Deux condamnations, deux démissions, et une chute programmée
Le 2 juillet 2025 restera comme une date noire pour Calédonie ensemble. Ce jour-là, Philippe Gomès et Philippe Michel, deux des figures les plus influentes du parti, ont été condamnés par le tribunal correctionnel de Nouméa : le premier à quatre ans de prison, dont deux fermes sous bracelet électronique, et cinq ans d’inéligibilité ; le second à trois ans de prison, dont un ferme aménagé, assorti également de cinq ans d’inéligibilité.
À la suite de ces décisions, le haut-commissaire de la République a pris des arrêtés de démission d’office, qui frappent les deux élus dans tous leurs mandats : à l’Assemblée de la province Sud, au Congrès de la Nouvelle-Calédonie, et dans les organismes qui en dépendent.
Les décisions ont été transmises pour notification aux intéressés et à leurs conseils. Une fois le délai légal de quinze jours écoulé, le Congrès et l’Assemblée seront officiellement informés de leur éviction. Le couperet est inéluctable.
Mais la conséquence la plus lourde n’est pas seulement juridique : elle est politique. Car sans Gomès ni Michel, Calédonie ensemble n’a plus assez d’élus pour constituer un groupe politique au Congrès.

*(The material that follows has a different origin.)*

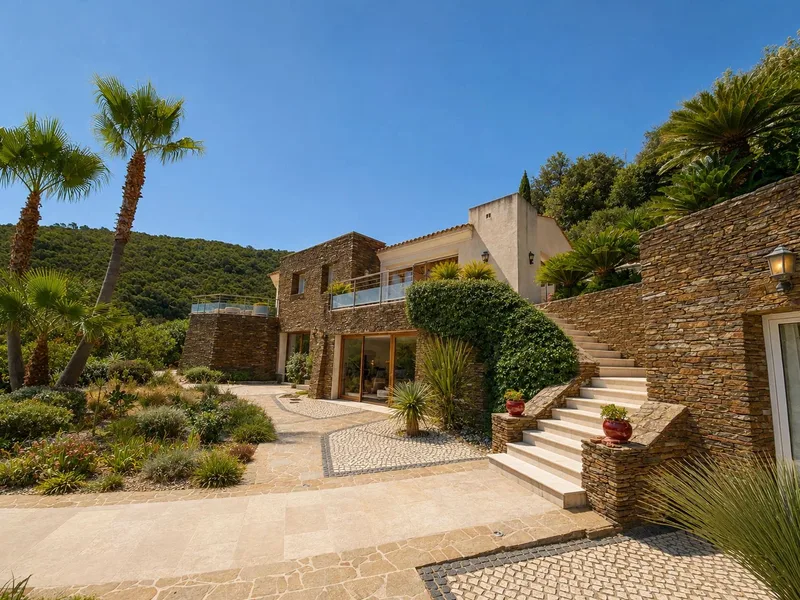 VILLA D'EXCEPTION DOMINANT LE GOLFE DE SAINT-TROPEZ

Un groupe politique qui disparaît, un pouvoir qui s’évapore
Avec les deux figures emblématiques évincées, Calédonie ensemble tombe sous le seuil requis de quatre membres pour maintenir un groupe reconnu. Cela signifie la perte automatique de la personnalité juridique du groupe au sein du Congrès.
Ce n’est pas anodin : la disparition du groupe entraîne la perte du temps de parole réservé, de la capacité à proposer des textes et, surtout… de la présidence de la commission permanente.
Jusqu’ici, Calédonie ensemble présidait cette commission-clé, véritable cœur décisionnel du Congrès entre les sessions. L’ancien parti des députés en détenait la présidence. Avec cette éviction, le mouvement politique se retrouve écarté des centres de décision, marginalisé.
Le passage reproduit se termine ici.